Using Evolutionary Conservation and Rigidity Analysis for Protein Docking Refinement

October 25, 2013
11:00a - 12:00n
Halligan 209
Speaker: Nurit Haspel, Dept of Computer Science, UMass Boston


Proteins often bind to other proteins to create complexes that act like molecular machines. These complexes play a central role in nearly every process in the cell. Since the three dimensional structure and the functionality of proteins are closely related to each other, detection of protein complexes and their structures is crucial for understanding the role of protein complexes in the basic biology of organisms. Predicting the structure of a complex formed by assembling multiple chains is a difficult problem to solve experimentally. Computational methods can become very useful and provide researchers with a good starting point for analyzing protein complexes. Computational docking methods are typically made of two stages: The search stage uses structural and geometric techniques to detect native-like configurations of the complex, and the ranking stage uses a scoring function made of physico-chemical and geometric filters to estimate the binding affinity and rank computed structures according to energetic criteria.

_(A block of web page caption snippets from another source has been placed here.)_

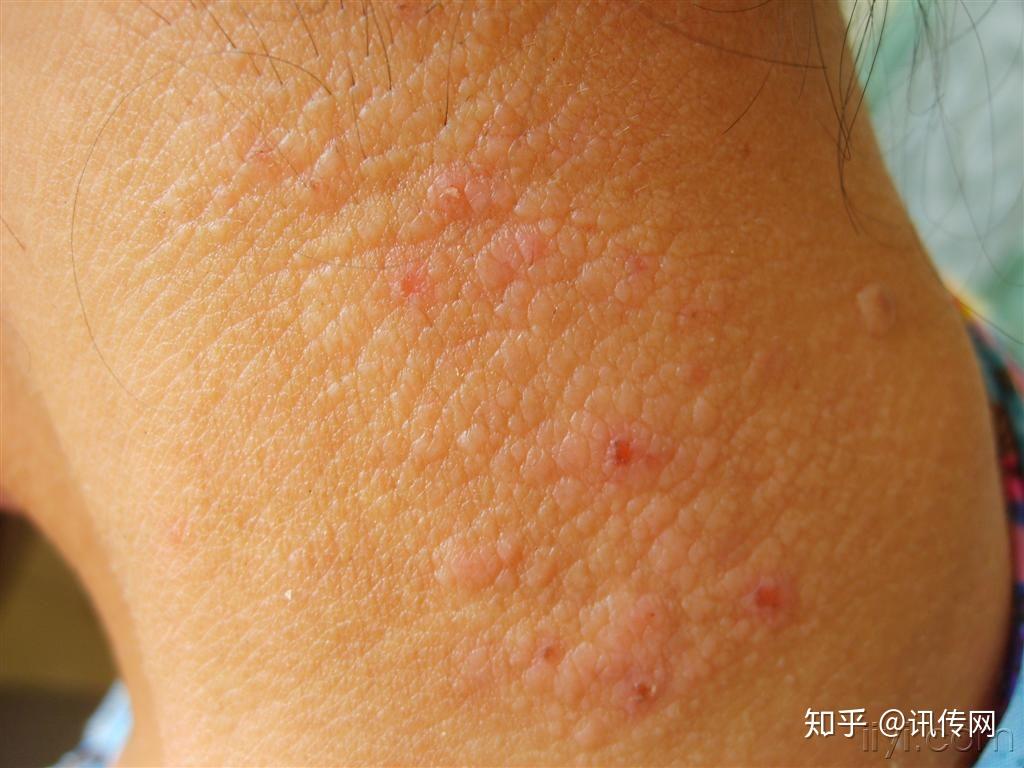 神经性皮炎到底是怎么回事? - 知乎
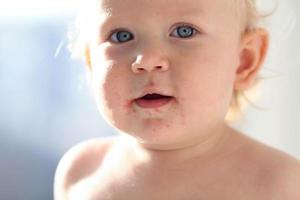 retrato do uma bebê com uma erupção cutânea perto a boca. enterovírus, alergia dentro uma miúdo. foto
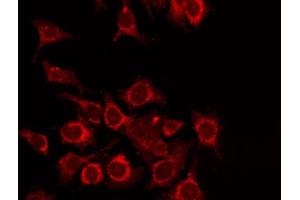 ABIN6268762 staining Hela by IF/ICC. (TDG antibody  (Internal Region))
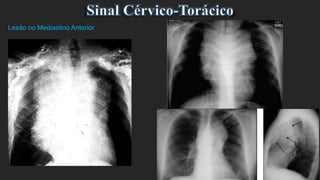 Lesão no Mediastino Anterior
 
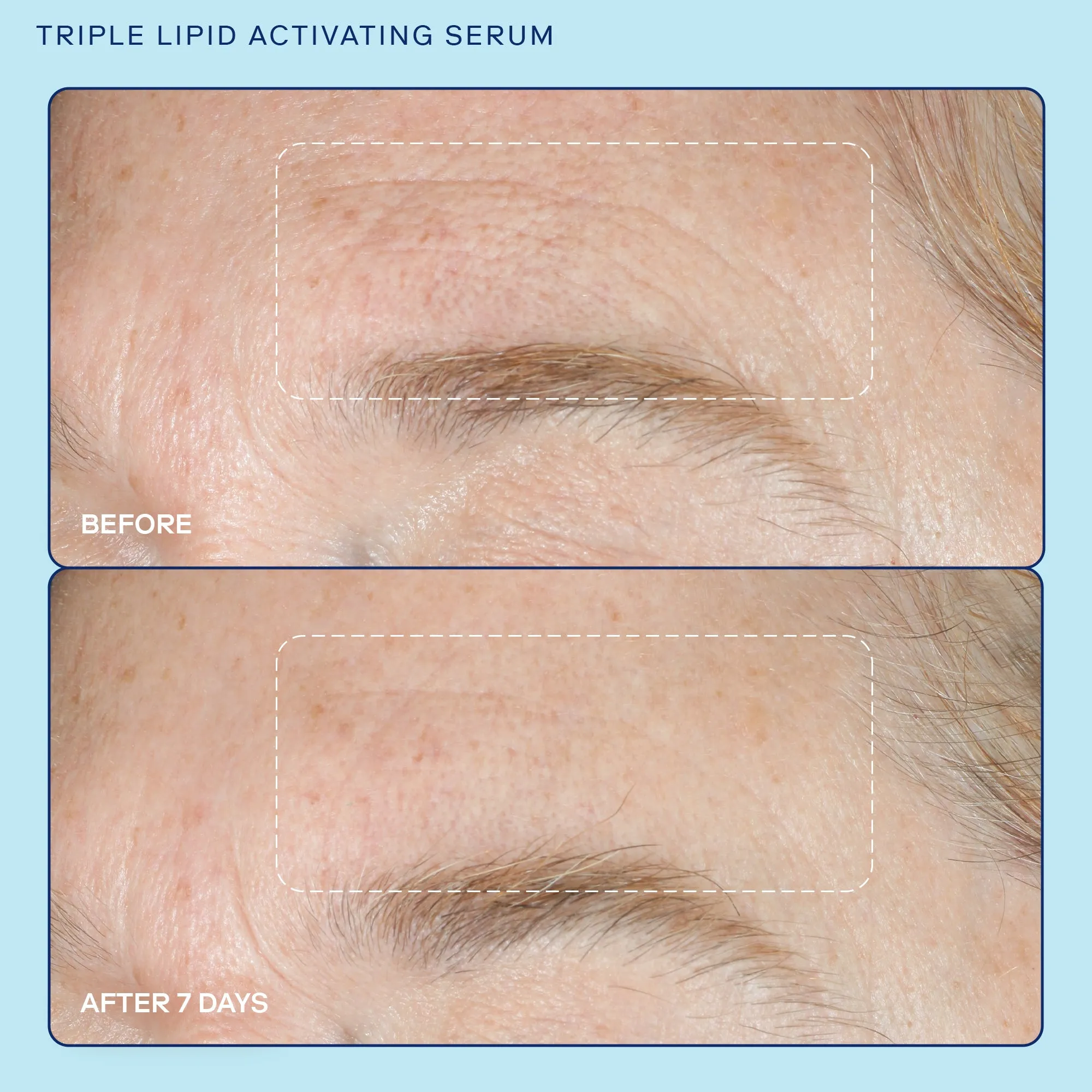 Barrier  Triple Lipid Activating Serum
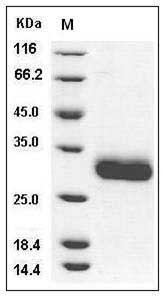 Human CXCL1 / MGSA / NAP-3 Protein (His & SUMO Tag) SDS-PAGE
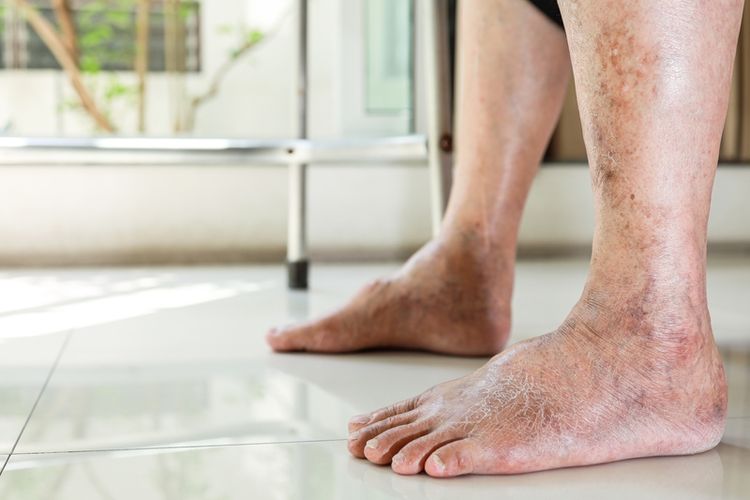 Ilustrasi penyakit gula kering atau gangrene kering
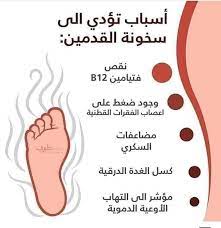 حرارة باطن القدم 1503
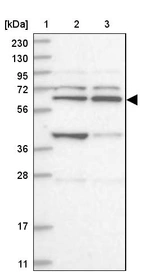 Lane 1: Marker [kDa] 230, 130, 95, 72, 56, 36, 28, 17, 11_br/_Lane 2: Human cell line RT-4_br/_Lane 3: Human cell line U-251MG sp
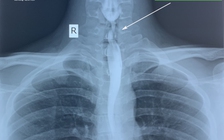 Cứu bệnh nhân suýt tắc thực quản do uống nước tẩy rửa bồn cầu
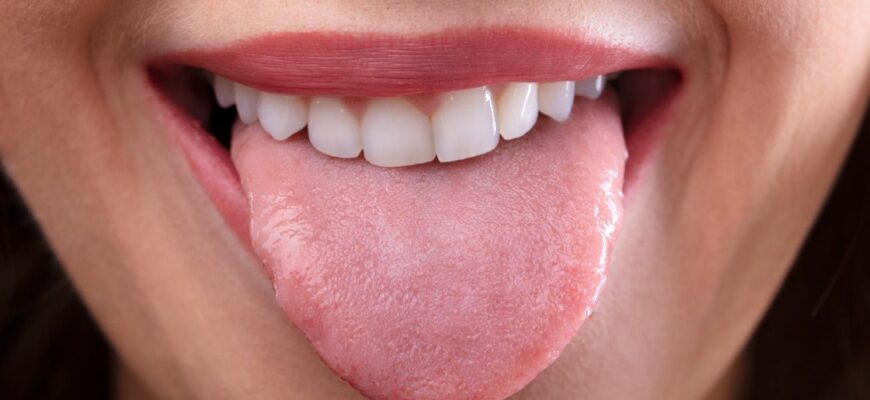 Лейкоплакія: Ознаки, Причини та Ефективні Методи Лікування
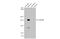 Collagen Type I Alpha 1 Chain antibody, GTX112731, GeneTex, Western Blot image 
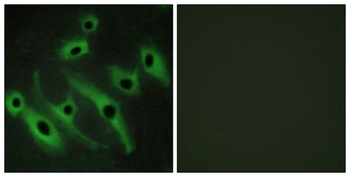 Neu rabbit pAb Antibody
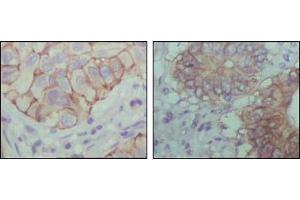 Immunohistochemical analysis of paraffin-embedded human lung cancer (left) and colon cancer (right) showing cytoplasmic localization with DAB staining using EphB1 mouse mAb.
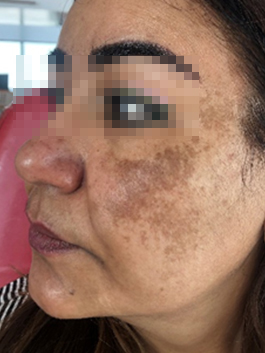 melasma2a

Computational docking methods are still not accurate. The energetic difference between the native structure and other non-native complexes may be small and the scoring function used by docking methods is often not sensitive enough to detect it. Additionally, the correct binding site is not always known experimentally and docking methods may miss the correct binding site completely. As a result, low-energy structures produced by docking programs often disagree with NMR data .

I will discuss my recent work at developing a multimeric docking refinement scheme that uses a scoring function based on a tight coupling between evolutionary conservation, geometry and physico- chemical interactions. I will discuss current efforts of combining evolutionary conservation data with graph-based rigidity analysis and machine learning to detect critical residues in proteins, which may aid in detecting binding interfaces and model conformational changes in proteins.